# Buffalo Weed ID



## JustinChoy

Hi Guys,

Seeking some help here. As per the pics, I have this creeping weed throughout my Sir Walter Buffalo.

The pics taken are after a fresh mow, however normally it generate a really tall, thin bladed grass looking growth that grows a lot quicker and taller than my Buffalo.

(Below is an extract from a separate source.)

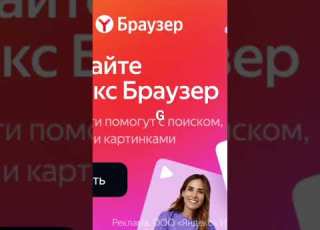 Https Redirect Appmetrica Yandex Com Serve 389430554958814120 Clid 13167978
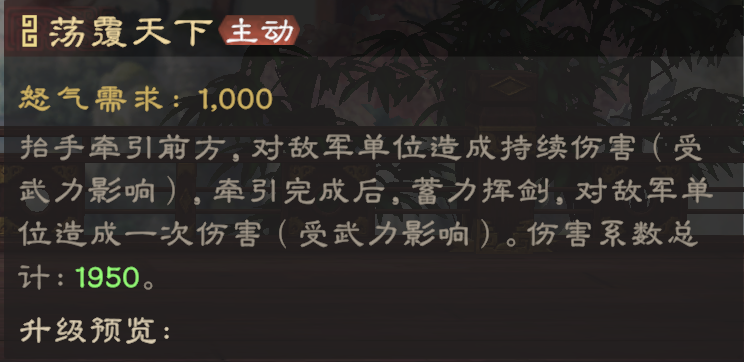 荡覆天下技能描述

I pulled out the runners as per the pic.

Any ideas what it is and how I best treat it?

Thanks in advance...


----------



## Spammage

@JustinChoy looks like Kikuyu grass. No idea how to get rid of it in St Augustine/Buffalo. @Greendoc might have the knowledge you seek.


----------



## JustinChoy

Spammage said:


> @JustinChoy looks like Kikuyu grass. No idea how to get rid of it in St Augustine/Buffalo. @Greendoc might have the knowledge you seek.


Appreciate the response


----------



## Greendoc

In Australia, there is nothing sold that will kill Kikuyu in St Augustine.


----------



## JustinChoy

Greendoc said:


> In Australia, there is nothing sold that will kill Kikuyu in St Augustine.


Thanks mate.

So my only option is to pull it out, Round Up and start again?


----------



## Greendoc

Basically. My suggestion is to spray it. Pull it out. Wait for it to come back and spray it again.


----------